I'd like you to mention that Linux has some memory problems which
makes it questionable to run in some professional environmments.
On a server where memory gets fragmented and some programs are running
that request large amounts of RAM I often experience memory problems.
The most recent example is the following:
kuolema!root(ttyp2):/usr/src/boot-floppies# dd if=resc1440.bin of=/dev/fd0
dd: /dev/fd0: Device not configured
Looking at syslog tells me that the problem is found inside of Linux
memory management:
May 2 11:02:35 kuolema kernel: floppy0: Unable to allocate DMA memory
I have regularily experienced the same problem when working with
cdrecord. It wasn't able to get enough memory for its buffer and
therefore killing my writables.
Additionally I have also experienced the very same problem when
the machine had only 32M of RAM and using /dev/audio or /dev/dsp.
Since the problem also seems to be that one program doesn't get
enough free continues free memory, a simple workaround is to issue
'tail /dev/zero' and wait until it exits with 'memory exhauseted'.

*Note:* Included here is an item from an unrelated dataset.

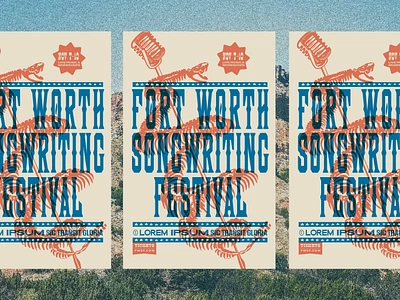 Fort Worth Songwriter Festival - Unchosen Campaign Concept americana brand branding design event festival fort worth graphic design illustration logo microphone music poster rattlesnake snake songerwriter texas vintage western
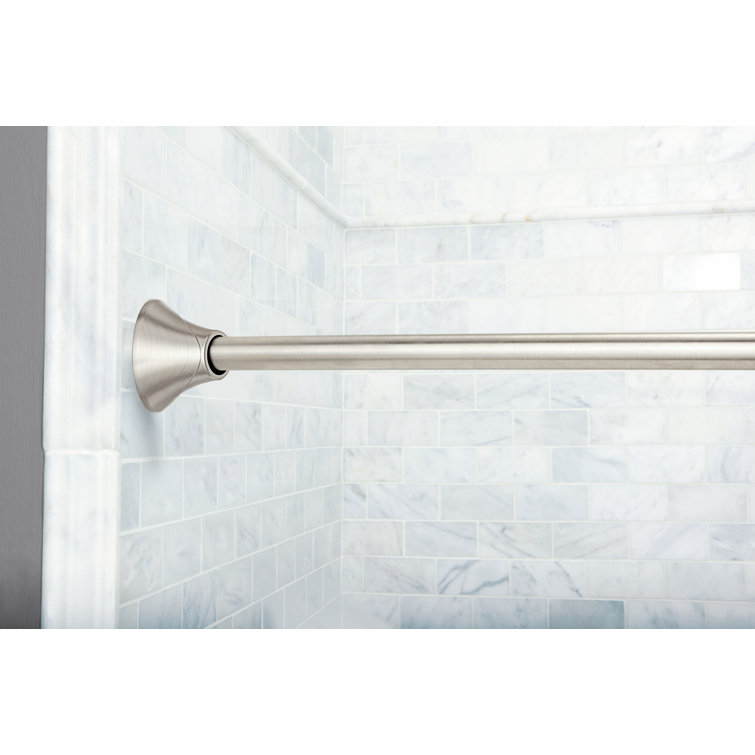 Brushed Nickel 5-Foot Adjustable Tension Curved Shower Curtain Rod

After that you have enough continues free memory and your app will
work again.
As a result, I'm always issuing this command before I call cdrecord,
just to ensure that this is not a reason for killing my writables.
I know from a report about the glorious mindcraft benchmark that
Linux' memory management is tunable, but where is it documented
so that also not-experienced users are able to tune the system?
Please don't interpret this mail as general complaint. I don't have
enough experience to rework the mm subsystem (thanks god), so I'm
not complaining - I'm very happy to be able to use Linux - but I'd
like you experts know that there is a problem.
The machine kuolema runs 2.0.36 atm.
Regards,
Joey
-- Whenever you meet yourself you're in a time loop or in front of a mirror.Please always Cc to me when replying to me on the lists.